Notably, the mandatory language of Section 228.35—that "the court shall appoint three disinterested citizens ... as commissioners" upon an order to establish or widen an existing private road—is not repeated in Section 228.369.3 which reads "[t]he court may implement the same procedures ... including the appointment and compensation of disinterested commissioners[.]" (emphases added). Simply stated, the trial court is not required to, and did not exercise the option to, appoint disinterested commissioners to assess the road and report its recommendations for the parties to review (and, if necessary, challenge) prior to judgment. Instead, the property owners presented evidence and testimony about the condition of Rim Road and their differing goals for a maintenance plan, its management by an association, and apportionment of costs. No commission was formed, no commissioners were appointed or paid, and no commission report was requested or filed.
As part of its judgment, the trial court directed the property owners to form the Rim Road Association for the purpose of maintaining the road. The record includes testimony from various witnesses suggesting the necessity of forming an association to provide for the ongoing maintenance of the road. In anchoring their challenge to the formation of the Rim Road Association to Section 228.369.3’s requirement for disinterested commissioners, the Choates misguidedly characterize the association as a commission and its appointed members as commissioners. The Rim Road Association is not a commission as contemplated by Section 228.369.3; rather, the association is the subdivision’s newly established non-profit corporation of property owners formed to manage the maintenance of the shared private road. The record is clear that the trial court appointed the Rim Road Association’s initial members from the pool of property owners, while outlining procedures for future elections. The three appointees all testified at trial to their willingness to execute a maintenance plan for Rim Road. Although Christopher Choate now attacks the validity of his appointment to the association, he testified at trial about his experience in road-maintenance engineering and contracting, as well as his desire for forming a fair association to manage the road maintenance.

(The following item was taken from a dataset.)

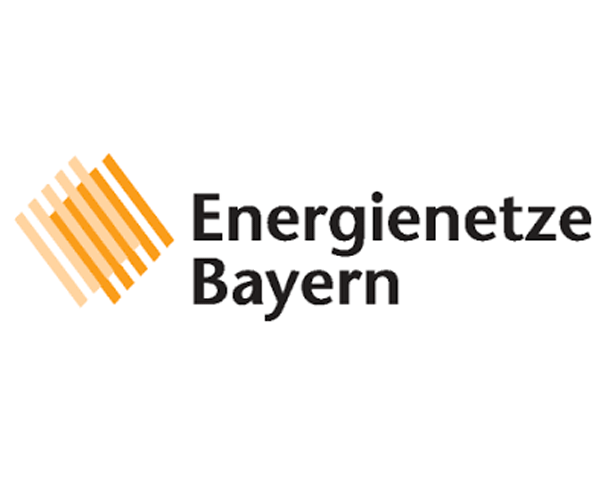Energienetze Bayern Logo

An understanding of the function of a commissioner in matters relating to the taking of property underscores the Choates’s misguided challenge. Commissioners are appointed as fact-finders with the purpose of establishing damages that will befall a property owner upon the taking or use of property for a public purpose. See Anderson, 171 S.W.3d at 779-80. The establishment of a private road or widening of an existing private road for the benefit of all abutting property owners will generally involve the taking and/or use of an individual’s private property. The statutory appointment of commissioners to assess damages to the private property owner and report such assessment to the trial court prior to judgment was designed to guarantee an individual’s constitutionally-protected property rights. See id. at 780-81 ; see also Daniels v. Richardson, 762 S.W.2d 55, 59 (Mo. App. W.D. 1988).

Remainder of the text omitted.